Trade rumors surrounding Rudy Gobert were a hot topic during the last offseason. When the Minnesota Timberwolves finally made a move to acquire Gobert in July, the organization hoped that getting one more All-Star caliber center would alleviate two of the team’s biggest weaknesses – rim protection and securing the defensive glass.
Looking at the first part of the season, trading away future picks and young prospects seems like a miss for the T-Wolves. Simply put, things didn't pan out as they hoped it would.
Minnesota is currently just outside of the play-in tournament with an underwhelming record of 16 wins and 19 losses. Meanwhile, the three-time NBA defensive player of the year, Gobert, has had some tough times on and off the court.
“The average fan might not understand what I bring to the table, but the G.M.s in the league do,” Gobert stated.
Rudy's arrival has raised some eyebrows, with the majority of Timberwolves fans wondering how would two all-star big men be able to compliment each other on the court. And to be fair, the team has struggled to adjust to the new system in place.
Even the young Timberwolves star, Anthony Edwards, expressed dissatisfaction with the lack of space in the paint which is now mostly occupied with two big-bodied centers.
Adjusting takes time
Gobert spoke about the dynamic of playing alongside Karl-Anthony Towns and adjusting to the new franchise.
“I don’t really like to call him a center because I don’t think he’s a center. I think it’s more of a wing in a center’s body,“ Gobert said of KAT in his latest interview with the New York Times.
“People like to focus on the fact that it’s two big men that play together, but there is always a process of adjustment when a player like me joins another team. Building chemistry takes time,” the big man added.
Gobert's numbers and his defensive impact are well down from last year. A season ago the 3x All-Star averaged 15.6 points, league-leading 14.7 rebounds, and 2.1 blocks. This season, he averages 14 points, 12.3 rebounds and “only” 1.2 blocks per game; his lowest number since his rookie season.
Dealing with criticism
Over the years, Gobert has been the target of criticism for his play. Despite the change of scenery, this season is no different.
“Once I started to have success, when I started winning defensive player of the year, All-N.B.A., being an All-Star. When my team, when we started winning like 50 games and stuff. The people on social media are always the loudest.
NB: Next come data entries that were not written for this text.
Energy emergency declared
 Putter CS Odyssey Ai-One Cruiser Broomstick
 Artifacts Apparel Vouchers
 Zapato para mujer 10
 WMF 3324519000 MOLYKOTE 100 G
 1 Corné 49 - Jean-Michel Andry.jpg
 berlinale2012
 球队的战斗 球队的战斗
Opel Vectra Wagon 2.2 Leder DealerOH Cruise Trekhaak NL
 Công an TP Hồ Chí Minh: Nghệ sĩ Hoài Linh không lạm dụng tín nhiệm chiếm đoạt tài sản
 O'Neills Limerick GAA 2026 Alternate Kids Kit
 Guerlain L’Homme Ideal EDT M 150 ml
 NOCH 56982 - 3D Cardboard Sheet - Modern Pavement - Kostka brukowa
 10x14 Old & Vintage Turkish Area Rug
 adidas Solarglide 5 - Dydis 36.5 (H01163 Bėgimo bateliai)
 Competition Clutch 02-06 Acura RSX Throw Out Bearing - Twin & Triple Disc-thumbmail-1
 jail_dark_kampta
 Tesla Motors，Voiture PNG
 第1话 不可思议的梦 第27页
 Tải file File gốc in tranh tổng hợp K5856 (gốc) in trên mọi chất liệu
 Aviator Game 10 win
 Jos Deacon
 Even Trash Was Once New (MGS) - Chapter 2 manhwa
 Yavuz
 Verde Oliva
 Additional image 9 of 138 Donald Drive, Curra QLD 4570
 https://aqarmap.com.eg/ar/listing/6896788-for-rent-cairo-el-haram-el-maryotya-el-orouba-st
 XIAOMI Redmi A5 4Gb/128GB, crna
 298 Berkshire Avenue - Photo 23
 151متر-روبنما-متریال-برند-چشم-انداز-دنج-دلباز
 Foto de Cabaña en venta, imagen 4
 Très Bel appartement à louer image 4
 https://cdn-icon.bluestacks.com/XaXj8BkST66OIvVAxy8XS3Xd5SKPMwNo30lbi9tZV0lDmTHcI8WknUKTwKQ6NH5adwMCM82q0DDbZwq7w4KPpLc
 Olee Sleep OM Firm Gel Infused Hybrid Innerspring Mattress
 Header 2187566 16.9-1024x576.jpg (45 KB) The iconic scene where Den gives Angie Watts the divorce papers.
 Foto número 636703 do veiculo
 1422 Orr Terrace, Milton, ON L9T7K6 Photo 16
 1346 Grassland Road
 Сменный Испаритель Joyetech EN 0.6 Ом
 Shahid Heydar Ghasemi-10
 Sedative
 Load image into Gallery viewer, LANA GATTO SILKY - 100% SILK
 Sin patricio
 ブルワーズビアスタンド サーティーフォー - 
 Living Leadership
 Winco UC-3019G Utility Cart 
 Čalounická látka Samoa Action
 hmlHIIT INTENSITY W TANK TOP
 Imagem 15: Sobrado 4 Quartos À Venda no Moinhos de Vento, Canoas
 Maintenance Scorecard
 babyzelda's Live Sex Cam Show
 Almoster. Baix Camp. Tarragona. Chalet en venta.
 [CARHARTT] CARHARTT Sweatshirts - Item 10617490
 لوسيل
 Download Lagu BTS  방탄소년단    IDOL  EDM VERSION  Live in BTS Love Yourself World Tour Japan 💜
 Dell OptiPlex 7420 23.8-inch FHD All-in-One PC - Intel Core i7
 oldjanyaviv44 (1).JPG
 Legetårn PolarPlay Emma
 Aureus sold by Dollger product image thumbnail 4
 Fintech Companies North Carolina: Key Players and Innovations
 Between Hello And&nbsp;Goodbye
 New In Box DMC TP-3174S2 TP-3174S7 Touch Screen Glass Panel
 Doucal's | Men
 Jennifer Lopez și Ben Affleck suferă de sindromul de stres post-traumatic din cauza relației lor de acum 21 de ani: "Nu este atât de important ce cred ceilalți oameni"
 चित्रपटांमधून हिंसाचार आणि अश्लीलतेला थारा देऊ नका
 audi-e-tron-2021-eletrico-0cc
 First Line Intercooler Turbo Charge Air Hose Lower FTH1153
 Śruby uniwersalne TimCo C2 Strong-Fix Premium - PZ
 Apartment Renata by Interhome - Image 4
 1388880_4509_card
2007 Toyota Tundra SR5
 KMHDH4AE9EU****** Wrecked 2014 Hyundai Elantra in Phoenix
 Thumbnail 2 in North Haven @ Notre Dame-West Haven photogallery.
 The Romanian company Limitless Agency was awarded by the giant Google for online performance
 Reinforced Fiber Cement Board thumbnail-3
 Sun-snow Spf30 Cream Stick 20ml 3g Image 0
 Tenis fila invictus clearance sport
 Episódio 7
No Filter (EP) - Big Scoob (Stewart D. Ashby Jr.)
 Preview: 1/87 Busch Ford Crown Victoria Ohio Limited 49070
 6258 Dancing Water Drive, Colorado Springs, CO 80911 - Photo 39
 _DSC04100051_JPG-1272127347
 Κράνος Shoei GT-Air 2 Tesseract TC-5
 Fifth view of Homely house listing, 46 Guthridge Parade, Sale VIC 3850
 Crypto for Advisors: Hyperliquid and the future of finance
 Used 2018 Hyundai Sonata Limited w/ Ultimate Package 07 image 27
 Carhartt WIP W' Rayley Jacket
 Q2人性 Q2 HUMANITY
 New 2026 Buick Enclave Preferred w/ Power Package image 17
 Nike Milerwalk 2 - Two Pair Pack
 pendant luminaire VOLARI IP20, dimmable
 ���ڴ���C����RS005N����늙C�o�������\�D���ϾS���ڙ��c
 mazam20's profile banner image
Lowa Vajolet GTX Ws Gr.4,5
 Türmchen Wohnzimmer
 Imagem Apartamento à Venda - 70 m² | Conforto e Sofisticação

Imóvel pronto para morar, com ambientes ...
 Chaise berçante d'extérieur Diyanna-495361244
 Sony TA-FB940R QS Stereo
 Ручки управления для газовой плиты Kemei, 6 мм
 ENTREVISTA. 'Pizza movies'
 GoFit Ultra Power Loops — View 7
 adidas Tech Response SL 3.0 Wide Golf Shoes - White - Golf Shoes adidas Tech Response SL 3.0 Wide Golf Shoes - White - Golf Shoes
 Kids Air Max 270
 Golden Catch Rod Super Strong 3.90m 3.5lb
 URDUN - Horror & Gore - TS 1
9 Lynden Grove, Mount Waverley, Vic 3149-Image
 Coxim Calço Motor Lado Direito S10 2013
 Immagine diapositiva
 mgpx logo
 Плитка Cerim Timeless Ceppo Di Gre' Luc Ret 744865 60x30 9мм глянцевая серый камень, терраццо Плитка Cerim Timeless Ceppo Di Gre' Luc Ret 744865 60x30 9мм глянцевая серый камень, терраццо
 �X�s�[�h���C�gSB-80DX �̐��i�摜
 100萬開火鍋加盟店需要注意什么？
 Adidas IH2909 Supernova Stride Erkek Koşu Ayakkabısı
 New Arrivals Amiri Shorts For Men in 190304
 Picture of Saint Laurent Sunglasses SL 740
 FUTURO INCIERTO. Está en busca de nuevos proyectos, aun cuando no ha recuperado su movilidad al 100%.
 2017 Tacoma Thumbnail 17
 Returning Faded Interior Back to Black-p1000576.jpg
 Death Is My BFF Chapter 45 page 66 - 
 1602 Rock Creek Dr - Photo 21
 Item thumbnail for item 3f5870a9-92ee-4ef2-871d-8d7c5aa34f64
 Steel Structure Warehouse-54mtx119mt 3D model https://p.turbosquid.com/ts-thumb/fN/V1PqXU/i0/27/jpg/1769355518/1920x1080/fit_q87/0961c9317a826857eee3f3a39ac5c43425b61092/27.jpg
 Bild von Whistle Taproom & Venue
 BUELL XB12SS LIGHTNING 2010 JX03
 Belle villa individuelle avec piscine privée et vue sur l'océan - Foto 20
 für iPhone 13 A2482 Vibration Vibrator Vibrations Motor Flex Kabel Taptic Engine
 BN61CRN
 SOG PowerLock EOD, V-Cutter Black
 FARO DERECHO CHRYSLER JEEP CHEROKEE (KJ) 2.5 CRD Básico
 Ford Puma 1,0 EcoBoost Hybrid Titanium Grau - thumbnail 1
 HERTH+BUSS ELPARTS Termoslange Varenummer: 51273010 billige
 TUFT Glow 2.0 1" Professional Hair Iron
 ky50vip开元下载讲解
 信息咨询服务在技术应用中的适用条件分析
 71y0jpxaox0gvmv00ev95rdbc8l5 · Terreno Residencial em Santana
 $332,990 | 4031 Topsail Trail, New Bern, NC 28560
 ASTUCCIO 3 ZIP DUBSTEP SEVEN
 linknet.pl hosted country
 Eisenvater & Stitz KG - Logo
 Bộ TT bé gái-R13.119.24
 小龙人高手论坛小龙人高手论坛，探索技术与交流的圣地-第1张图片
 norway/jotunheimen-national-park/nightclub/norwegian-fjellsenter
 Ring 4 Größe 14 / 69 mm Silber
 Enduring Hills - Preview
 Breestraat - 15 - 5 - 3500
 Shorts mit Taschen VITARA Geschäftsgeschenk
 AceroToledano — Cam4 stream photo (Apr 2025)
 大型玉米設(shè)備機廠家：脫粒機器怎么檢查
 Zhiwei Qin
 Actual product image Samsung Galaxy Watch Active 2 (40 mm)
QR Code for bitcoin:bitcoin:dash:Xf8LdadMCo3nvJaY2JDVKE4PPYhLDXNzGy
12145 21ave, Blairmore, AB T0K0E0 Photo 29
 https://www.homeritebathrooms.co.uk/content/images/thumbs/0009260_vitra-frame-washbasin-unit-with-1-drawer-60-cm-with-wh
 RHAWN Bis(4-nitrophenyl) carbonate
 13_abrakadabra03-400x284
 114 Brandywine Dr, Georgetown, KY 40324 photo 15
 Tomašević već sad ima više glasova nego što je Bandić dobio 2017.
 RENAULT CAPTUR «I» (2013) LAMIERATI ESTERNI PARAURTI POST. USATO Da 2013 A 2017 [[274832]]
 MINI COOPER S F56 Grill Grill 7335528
When I go outside, it’s usually all the interactions are positive,” Gobert said.
It is no surprise to see sports stars getting a lot of hate and criticism all over social media, especially after a rough patch in their respective careers.
“Social media is a different place, and the people that have a lot of frustration can put it out there. The fans are going to have opinions.” Gobert added, as he tries to bounce back and salvage what has been a disappointing run for the T-Wolves thus far.